# WORK TASK
Give back each entry unchanged, minus pictures.

# Caption-style text data
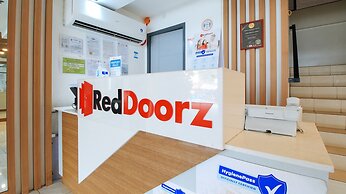 RedDoorz Plus @ Jardin Suites Guadalupe Nuevo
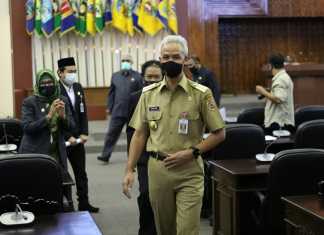 Ganjar Hadapi Resesi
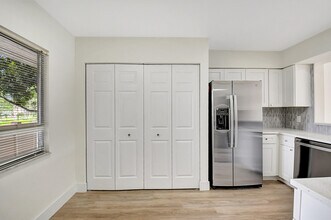 14360 Strathmore Ln in Delray Beach, FL - Building Photo - Building Photo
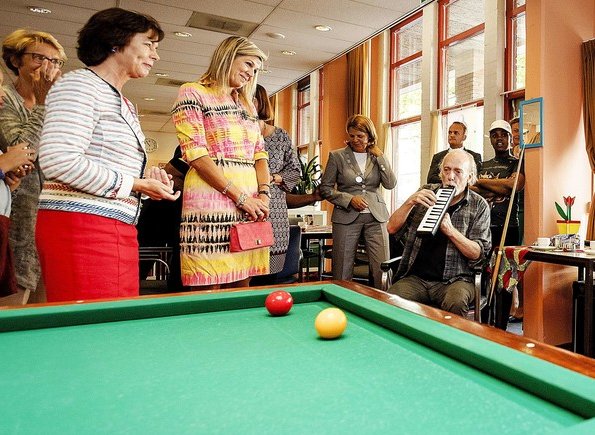 Queen Maxima visited "Kansfonds" which is a aid fund in Delft. Queen Maxima wore  silk print summer dress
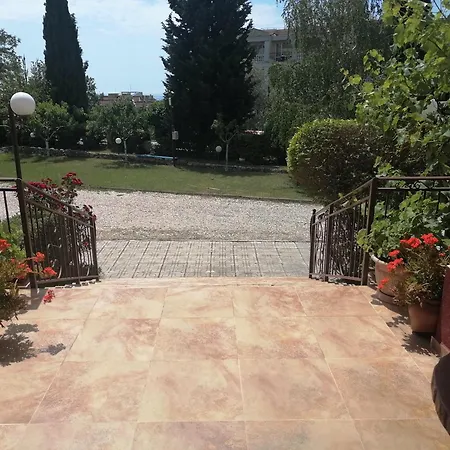 Pensjonat St. George Święty Włas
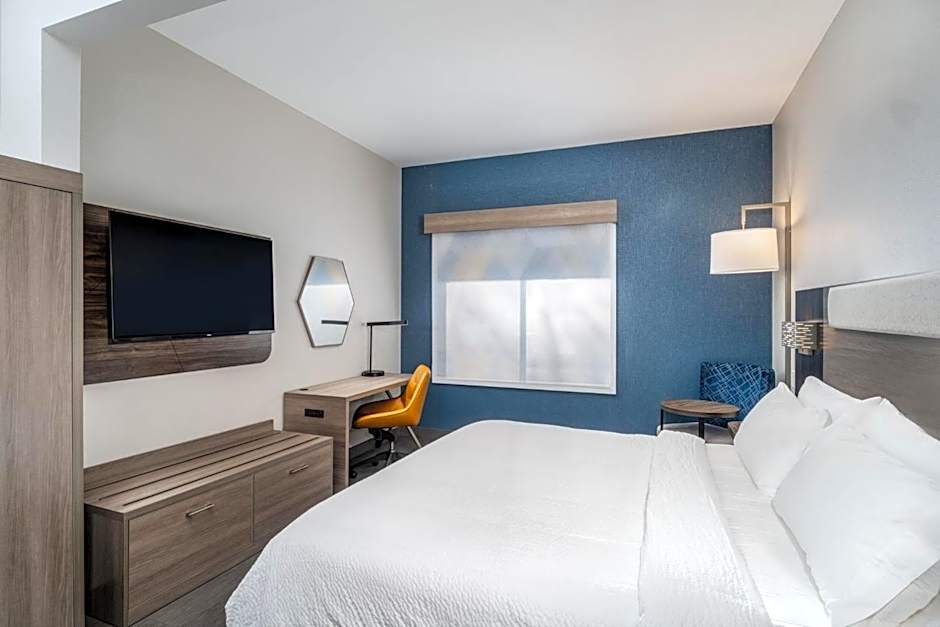 Holiday Inn Express & Suites Bozeman West By IHG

# WRITTEN REPLY
 RedDoorz Plus @ Jardin Suites Guadalupe Nuevo
 Ganjar Hadapi Resesi
 14360 Strathmore Ln in Delray Beach, FL - Building Photo - Building Photo
 Queen Maxima visited "Kansfonds" which is a aid fund in Delft. Queen Maxima wore  silk print summer dress
 Pensjonat St. George Święty Włas
 Holiday Inn Express & Suites Bozeman West By IHG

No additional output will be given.